In [1]:
import os
from dotenv import load_dotenv
from pprint import pprint

from src.config import LLMConf, KnowledgeGraphConfig, EmbedderConf
from src.graph.graph_model import Ontology
from src.graph.knowledge_graph import KnowledgeGraph
from src.ingestion.embedder import ChunkEmbedder
from src.ingestion.graph_miner import GraphMiner
from src.schema import Chunk, ProcessedDocument

env = load_dotenv('config.env')
env

True

In [2]:
llm_conf = LLMConf(
    type="ollama",
    model="llama3.2:latest", 
    temperature=0.0, 
)

embedder_conf = EmbedderConf(
    type="ollama",
    model="mxbai-embed-large",
)

kg_config = KnowledgeGraphConfig(
    uri=os.getenv("NEO4J_URI"),
    user=os.getenv("NEO4J_USERNAME"),
    password=os.getenv("NEO4J_PASSWORD"),
    index_name="vector"
)


ontology = Ontology(
    allowed_labels=["Person", "City", "Country", "Region"], 
    allowed_relations=["LIVES_IN", "BORN_IN"]
)

## Preparation
Here, we assume to have already ingested some document into a `ProcessedDocument` format, had it chunked and waiting to be embedded

In [3]:
text= """ 
    Meet Marco Rossi, a proud native of Rome, Italy. With a passion for pasta and a love for football, 
    Marco embodies the vibrant spirit of his homeland. 
    Growing up amidst the ancient ruins and bustling piazzas of Rome, Marco developed 
    a deep appreciation for his city's rich history and cultural heritage. 
    From the iconic Colosseum to the majestic Vatican City, he has explored every corner of the Eternal City, 
    finding beauty in its timeless landmarks and hidden gems. 
    Italy, with its delectable cuisine and stunning landscapes, has always been Marco's playground. 
    From the rolling hills of Tuscany to the sparkling waters of the Amalfi Coast,
    he has embraced the diversity and beauty of his country, taking pride in its traditions and way of life.
"""

chunks = [
    "Meet Marco Rossi, a proud native of Rome, Italy.
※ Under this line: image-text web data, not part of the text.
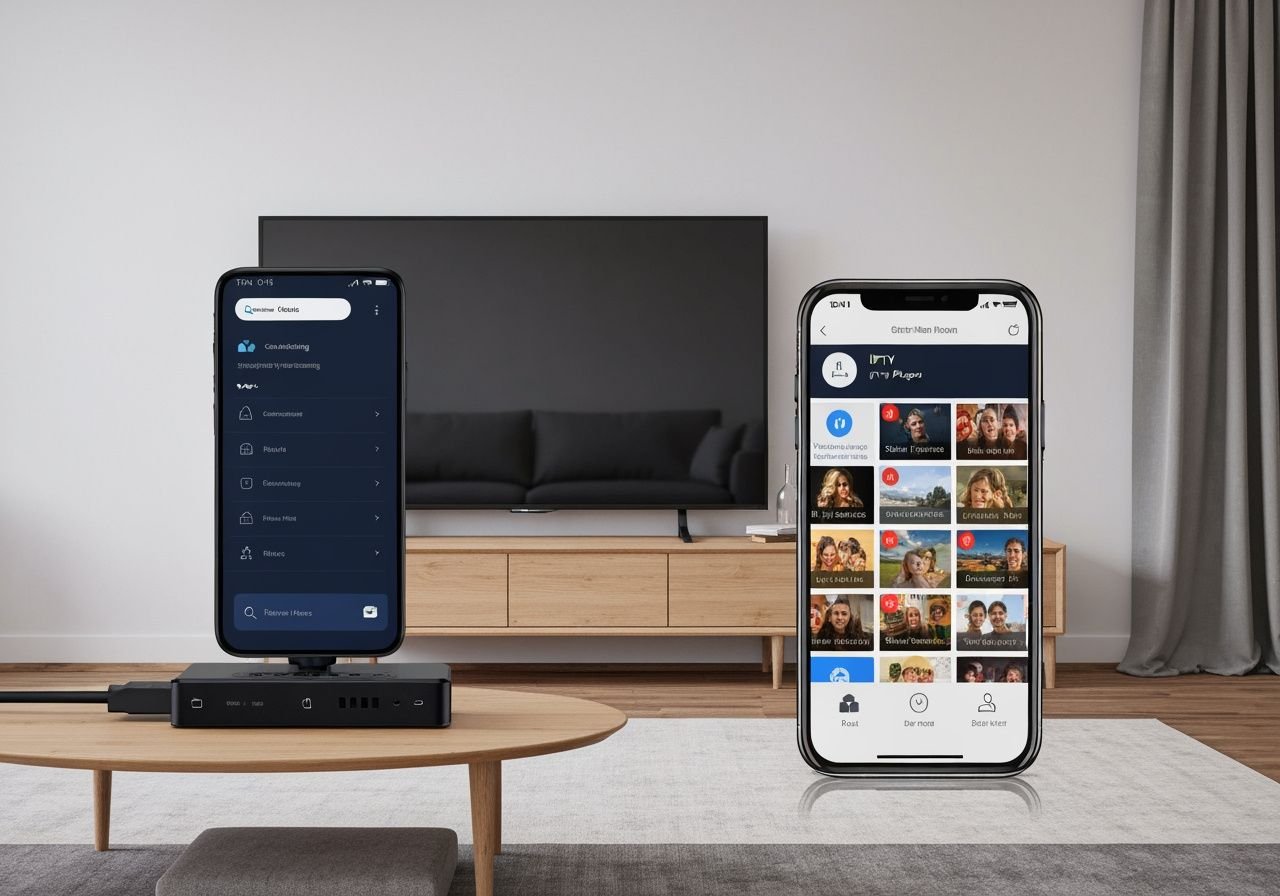 Comparaison d'affichage IPTV entre un appareil de streaming compact et une application mobile dans un salon moderne.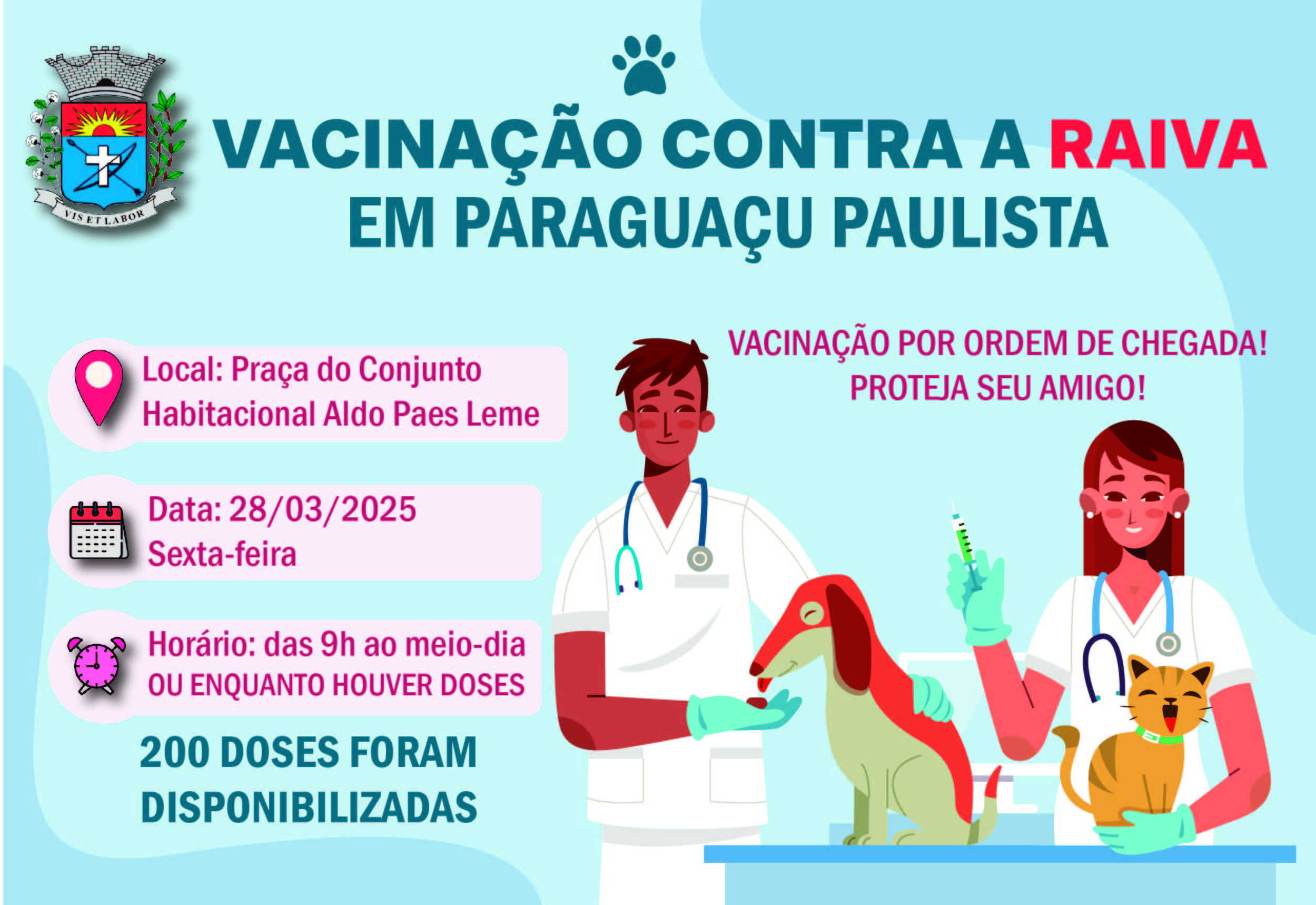 Vacinação Contra Raiva para Cães e Gatos em Paraguaçu Paulista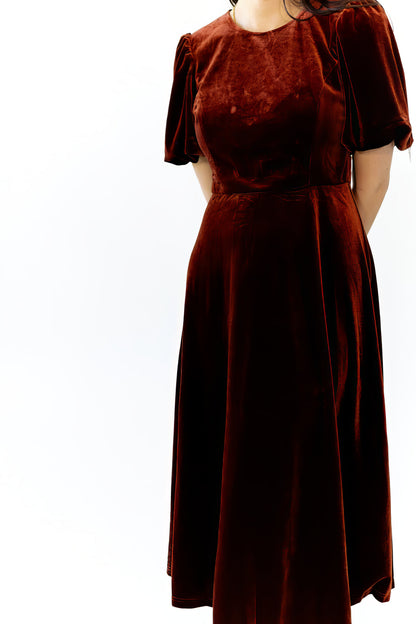 Chestnut Velvet Midi Dress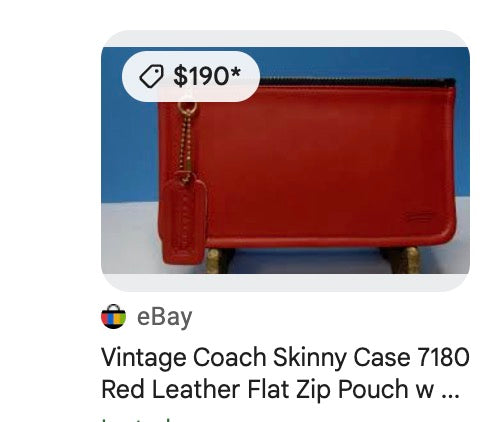 Vintage COACH Bag 90s Charm Leather Wristlet Wallet Zip Pouch Red Petite Bag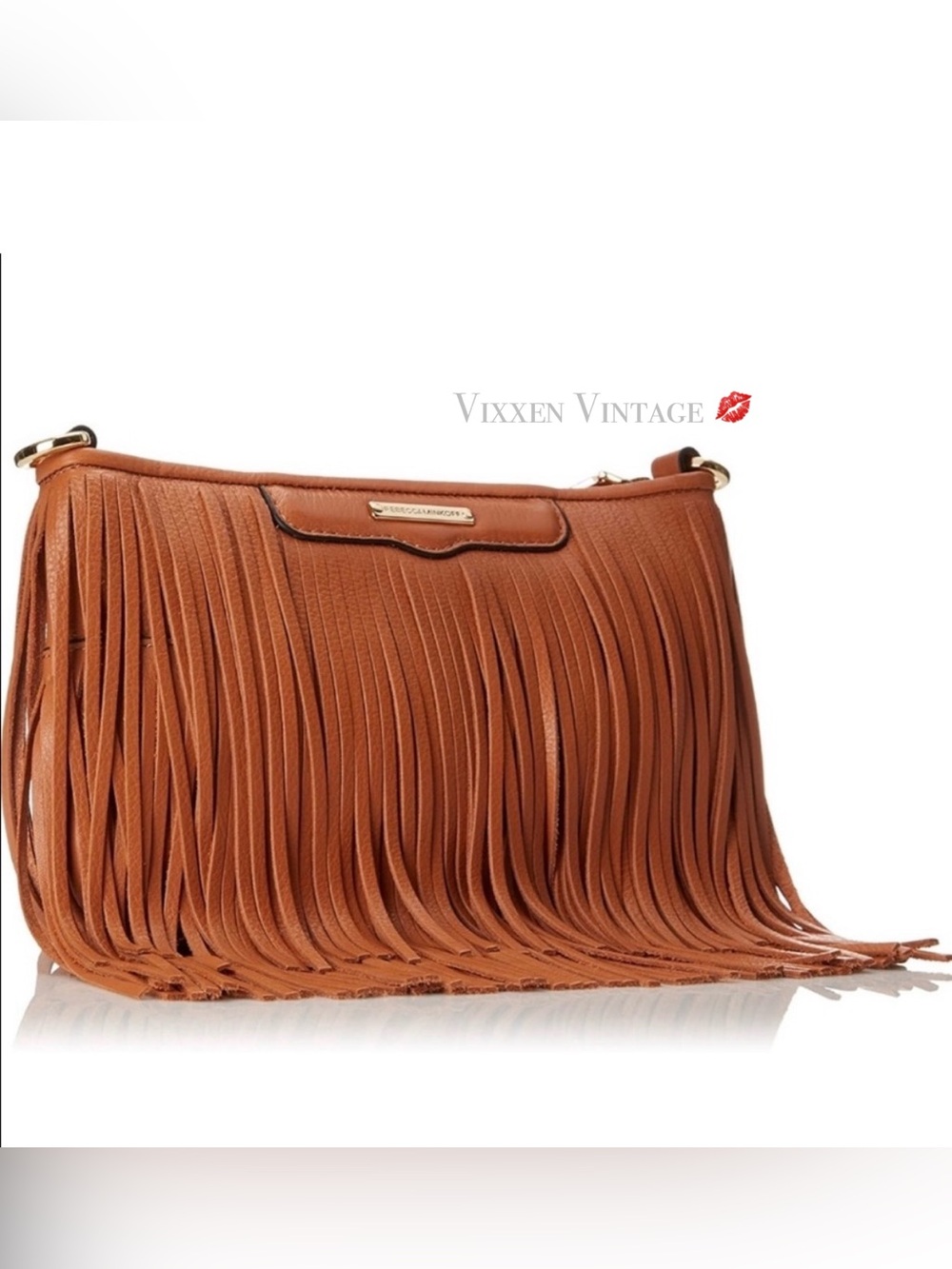 VINTAGE Y2K REBACCA MINKOFF PEBBLE LEATHER 'FINN CROSSBODY BAG' IN COGNAC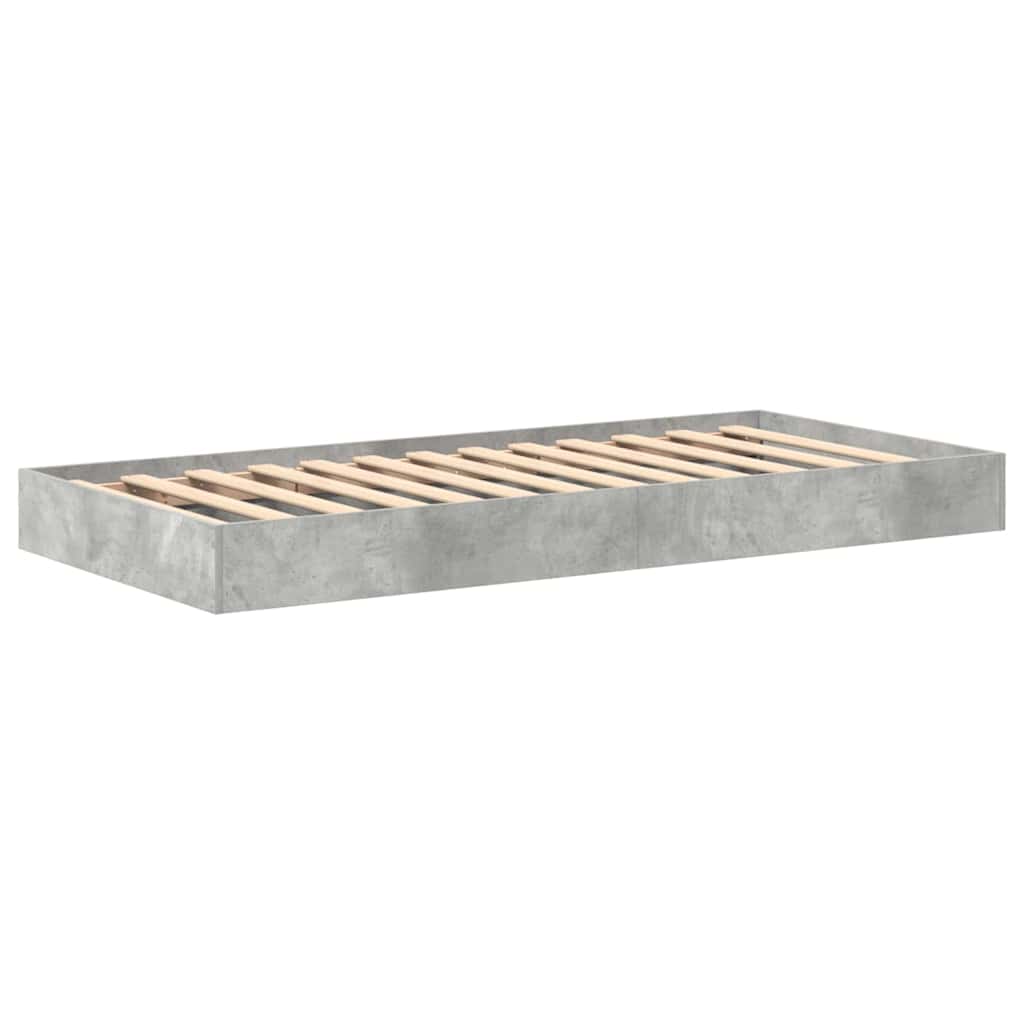 Bokhylle Seng med lagring Betonggrå 75 x 190 cm Konstruert tre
With a passion for pasta and a love for football, Marco embodies the vibrant spirit of his homeland. Growing up amidst the ancient ruins and bustling piazzas of Rome, Marco developed a deep appreciation for his city's rich history and cultural heritage.",
    "From the iconic Colosseum to the majestic Vatican City, he has explored every corner of the Eternal City, finding beauty in its timeless landmarks and hidden gems. Italy, with its delectable cuisine and stunning landscapes, has always been Marco's playground. From the rolling hills of Tuscany to the sparkling waters of the Amalfi Coast, he has embraced the diversity and beauty of his country, taking pride in its traditions and way of life."
]

doc = ProcessedDocument(
    filename="test.pdf", 
    source=text,
    chunks=[
        Chunk(
            chunk_id=1, 
            text=chunks[0], 
            chunk_size=500, 
            chunk_overlap=50,
            embeddings_model='mxbai-embed-large'
        ),
        Chunk(
            chunk_id=2, 
            text=chunks[1], 
            chunk_size=500, 
            chunk_overlap=50,
            embeddings_model='mxbai-embed-large'
        )
    ]
)

In [4]:
# embeddings

embedder = ChunkEmbedder(conf=embedder_conf)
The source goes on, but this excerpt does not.